问题
I have just started learning assembly. I am coding nasm in 32 bit mode. I am trying to compare 3 numbers inputted by the user and print the largest number. However, I cannot seem to correctly compare the numbers if I only reserve 16 bits for each number using resb 2. I do, however, get correct results when I reserved 32 bits for the numbers using resw 2. I cannot understand why this is the case.
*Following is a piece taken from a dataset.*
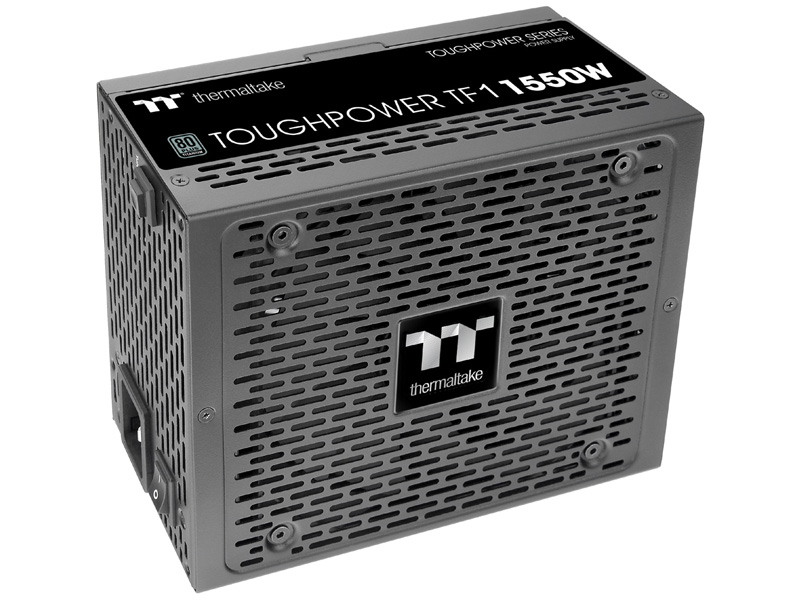 電源ユニット TOUGHPOWER TF1 1550W -TITANIUM-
Here is my code:
SYS_EXIT equ 1
SYS_WRITE equ 4
SYS_READ equ 3
STD_IN equ 0
STD_OUT equ 1
segment .data
msg1 db "Enter first number",0xA
msg1_len equ $- msg1
msg2 db "Enter second number",0xA
msg2_len equ $- msg2
msg3 db "Enter third number",0xA
msg3_len equ $- msg3
msg4 db "Largest number is ",0xA
msg4_len equ $- msg4
segment .bss
num1 resb 2
num2 resb 2
num3 resb 2
res resb 2
section .text
global _start
_start:
mov eax, SYS_WRITE
mov ebx, STD_OUT
mov ecx, msg1
mov edx, msg1_len
int 0x80
mov eax, SYS_READ
mov ebx, STD_IN
mov ecx, num1
mov edx, 2
int 0x80
mov eax, SYS_WRITE
mov ebx, STD_OUT
mov ecx, msg2
mov edx, msg2_len
int 0x80
mov eax, SYS_READ
mov ebx, STD_IN
mov ecx, num2
mov edx, 2
int 0x80
mov eax, SYS_WRITE
mov ebx, STD_OUT
mov ecx, msg3
mov edx, msg3_len
int 0x80
mov eax, SYS_READ
mov ebx, STD_IN
mov ecx, num3
mov edx, 2
int 0x80
mov ecx, [num1]
cmp ecx, [num2]
jg check_third
mov ecx, [num2]
check_third:
cmp ecx, [num3]
jg result
mov ecx, [num3]
result:
mov [res], ecx
mov eax, SYS_WRITE
mov ebx, STD_OUT
mov ecx, msg4
mov edx, msg4_len
int 0x80
mov eax, SYS_WRITE
mov ebx, STD_OUT
mov ecx, res
mov edx, 2
int 0x80
exit:
mov eax, SYS_EXIT
int 0x80
Sorry if it has a lot of repeating code. I understand why I need 2 bytes to store keyboard input when supposedly ascii characters are only 8 bits in length (Since the standard input will also read the new line character aside from the digit). However, I do not know a lot of things about how nasm works such as how it reacts when I move 16 bits of memory to a 32 bit register, how it compares 32 bit and 16 bit values (will it do signed expansion or just pad 0 before binary subtraction). I would truly appreciate it if someone can recommend me resources on the technicalities of nasm aside from explaining why I need to reserve 2 words to do the comparison.
回答1:
Nasm does not keep record of the size of the data at label like some other assemblers. Suppose you enter 1, 2 and 3. Bytes stored at your labels will then be:
num1: db 0x31, 0x0A
num2: db 0x32, 0x0A
num3: db 0x33, 0x0A
When you move 32 bits of data from label num1, you are actually also moving data from num2. Because little endian machines store least significant bytes first, you get something like:
mov ecx, 0x0A320A31 ; high bytes contain num2 and low bytes contain num1
cmp ecx, 0x0A330A32 ; high bytes contain num3 and low bytes contain num2
jg check_third
mov ecx, 0x0A330A32
check_third:
cmp ecx, 0x00000A33 ; high bytes contain res and low bytes contain num3
jg result
.....
resw 2 (or resd 1) would work because reserved memory is initialized to zeros. As Frank stated in the comment, you should use cl instead of ecx because 8 bits is all you need to handle in this case.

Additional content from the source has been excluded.